Add a simple C program that checks for such ugliness and indicates (via its exit code) if the VM misbehaved. It also ensures that both SHA256SUMS and SHA256SUMS.gpg are present.
Signed-off-by: Demi Marie Obenour <demiobenour@gmail.com> --- host/rootfs/Makefile | 6 +- lib/kcmdline-utils.mk | 6 ++ tools/default.nix | 1 + tools/meson.build | 1 + tools/updates-dir-check/meson.build | 4 ++ tools/updates-dir-check/updates-dir-check.c | 94 +++++++++++++++++++++++++++++ 6 files changed, 110 insertions(+), 2 deletions(-)
I still don't really understand why this needs to be a C program instead of find -H /path/to/dir -not -type f. None of the other checks seem very necessary?
I trust this code more than I trust (especially) the Busybox implementation of find.
This doesn't really make sense to me. All of this is quite trivial find behaviour — not the sort of thing that's unlikely to have been widely tested. No objection to GNU find though if it helps.
I see: find with a -exec false to return an error if anything matching is found?
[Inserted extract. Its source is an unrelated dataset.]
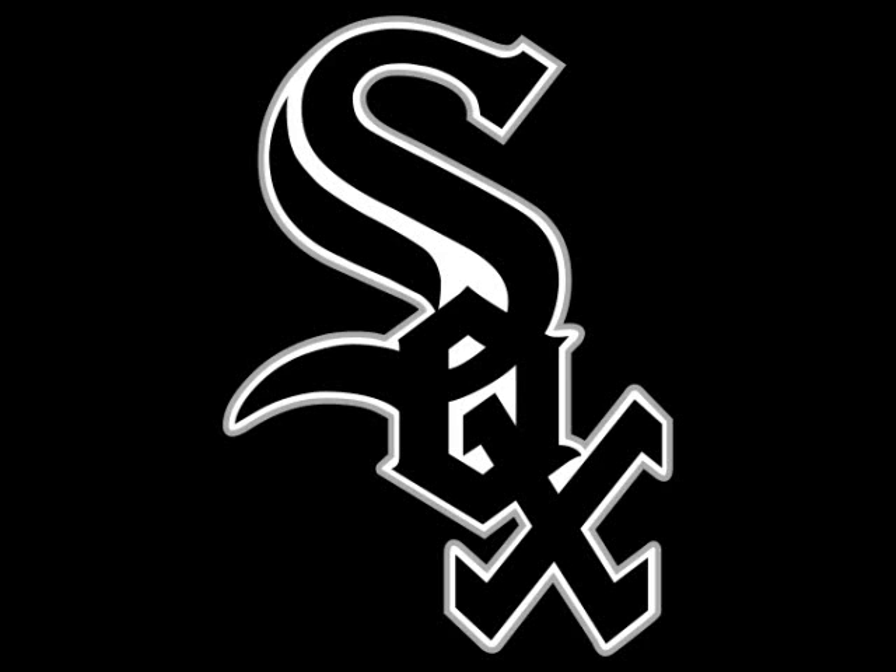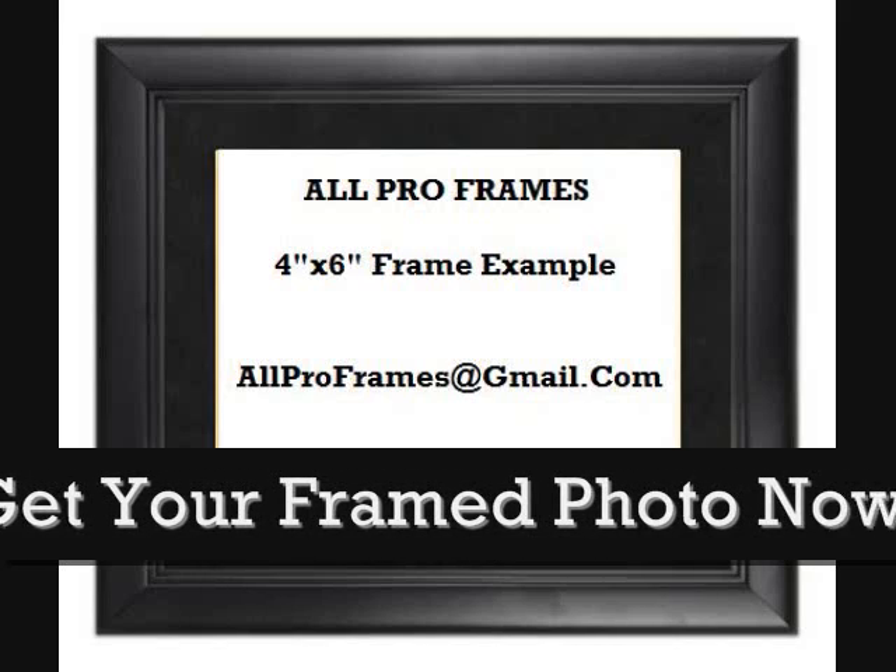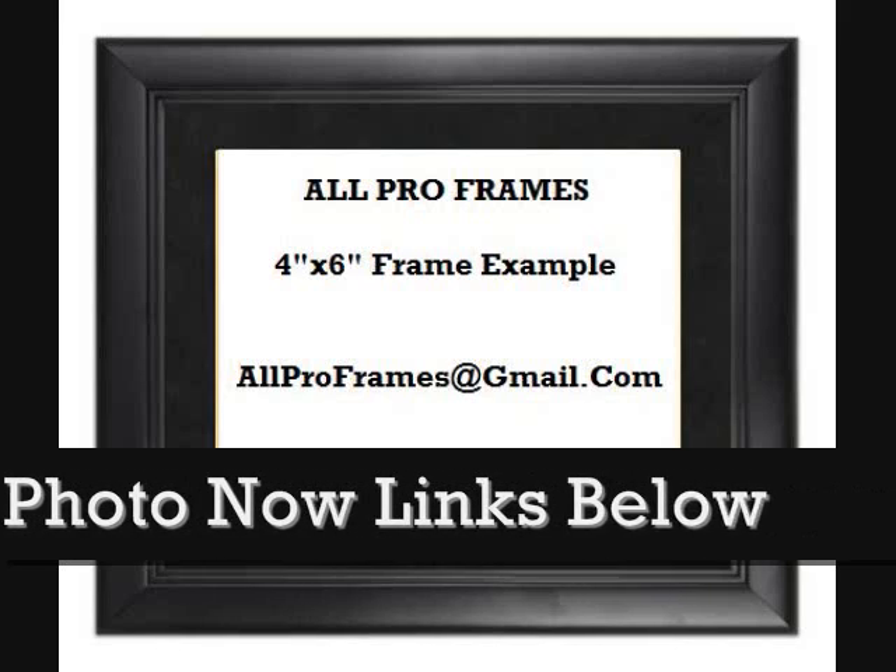Welcome! Take a look at our beautiful 4x6 eye-catching photos, great for any picture enthusiast. Every one of our pictures are placed in a stunning frame that would look great in any room.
I'm way more familiar with C than with find, which is why I missed this.
Hmm, thinking about it some more I suppose there's a problem with find: there's no way to get it to exit as soon as it finds a matching file, with a failing error code, so it could end up running way too long.
So the C program is fine, I guess.
Actually, we can do it. We just need to make find not responsible for exiting. foreground { pipeline { find -H /path/to/dir -mindepth 1 -not -type f -prune } grep -q . } importas -iu ? ? if { test $? -eq 1 } # We have only regular files. When find prints a line, grep will exit, and find will receive SIGPIPE and exit.